Очевидно, что появление в позднеимперской России довольно значительного числа людей из представителей низших классов, которые обладали образованием, уверенностью в себе и личной свободой, чтобы оформиться в категорию, которую наблюдатели назовут новой «интеллигенцией из народа», зависело не только от «силы их собственного духа». Возможность их появления была обусловлена рядом социальных и культурных изменений к лучшему в обществе, помимо распространения грамотности и образования среди широких масс населения. Не меньшее значение имело расширение публичной сферы, в которой идеи могли рождаться, выражаться, передаваться, а люди со схожим образом мыслей могли находить друг друга и объединяться. Многие из этих улучшений проводились сверху, по инициативе сочувствующей или обеспокоенной положением дел элиты, и при всей половинчатости и манипулятивности проводимых мер они все же помогали простым людям задуматься о своей жизни и даже изменить ее. Параллельно этому непрерывно развивались возможности и навыки самоорганизации.
Рост городов и индустриализация увеличивали озабоченность государства и общества культурным и нравственным уровнем простого народа, что порождало различные проекты воспитания и обучения масс с целью повышения их культурного уровня. Многие образованные представители элиты (в том числе социалисты и профсоюзные лидеры), побуждаемые либо страхом перед «темными низами», либо намерением нести просвещение как необходимое благо, либо обоими мотивами сразу, присоединились к попыткам государства и церкви цивилизовать народную среду, особенно быстро растущую среду городских рабочих, привнести в нее то, что считалось основами «культуры». Культура в ту пору понималась и в России, и в Европе не как открытая система, в которой конструируются смыслы, но как некий абсолютный кодекс знаний, идей, норм поведения, куда входят, помимо прочего, трезвость, разумность, самоуважение, чувство общности, признание роли образования. Это движение, получившее в России название «культурничество» или «культуртрегерство» (от немецкого слова «культуртрегер» – человек, который несет культуру), принимало самые разные формы, среди которых и обучение взрослых, и создание обществ трезвости, и борьба за качество отдыха, и издание книг для народа.
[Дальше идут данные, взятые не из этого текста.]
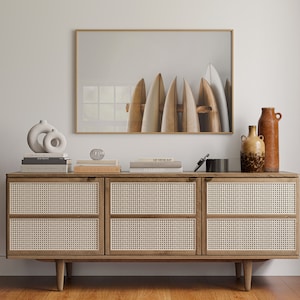 May include: A light wood cabinet with four rattan doors and a gold metal handle on each door. The cabinet is sitting on a wooden floor. Above the cabinet is a framed print of surfboards against a white background. The print has a gold frame. There are books and a small glass orb on top of the cabinet. Two ceramic vases are on the right side of the cabinet.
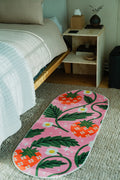 The Sicilian Strawberry Pink Runner Rug by Megan Roy is laid beside a bed on textured carpet floor.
Все эти начинания глубоко затрагивали жизнь простых людей, особенно зарождающейся рабочей интеллигенции[50]
.С точки зрения рабочих, стремившихся к саморазвитию, эти культуртрегерские меры помогали им дополнить начальное образование, полученное в детстве, открывали новый доступ к знаниям и культуре. Количество подобных мотивированных рабочих впечатляло. Один из педагогов, выражая мнение многих, говорил, что у народа есть великая жажда знаний, и отмечал с восхищением (и некоторой снисходительностью) то, что взрослые люди, приходя учиться на курсы, на вопрос, что они хотят узнать, отвечают «все знать хочу» [Зимин 1913:49–50]. Профсоюзные лидеры также находились под впечатлением: «переживаемое теперь рабочими стремление к знанию, – писал профсоюзной активист в 1907 году, – напоминает подобное же явление в середине 90-х годов, когда первое массовое пробуждение рабочего класса толкало его не только к борьбе за лучшие условия труда, но и к свету знания». Но, продолжал он, разница между тем временем и нынешним «громадная». Тогда речь шла о сотнях и тысячах рабочих, а сейчас о сотнях тысяч. Тогда умственные запросы были «элементарнее», а руководящей силой была почти исключительно интеллигенция, теперь же «движение исходит от рабочих, ими направляется и определяется» [Д. 1907:1][51]
. Лев Клейнборт подчеркивал, что не меньшее значение имеет и то обстоятельство, что в 1890-е годы тонкий слой «народной интеллигенции» был полностью изолирован от основной массы рабочих, теперь же культурная работа приняла множество форм, так что наметился рост «промежуточного слоя» культурных рабочих, который может служить соединительным звеном между «идейными верхами» рабочего класса и его «низами» [Клейнборт 1913b: 151–152].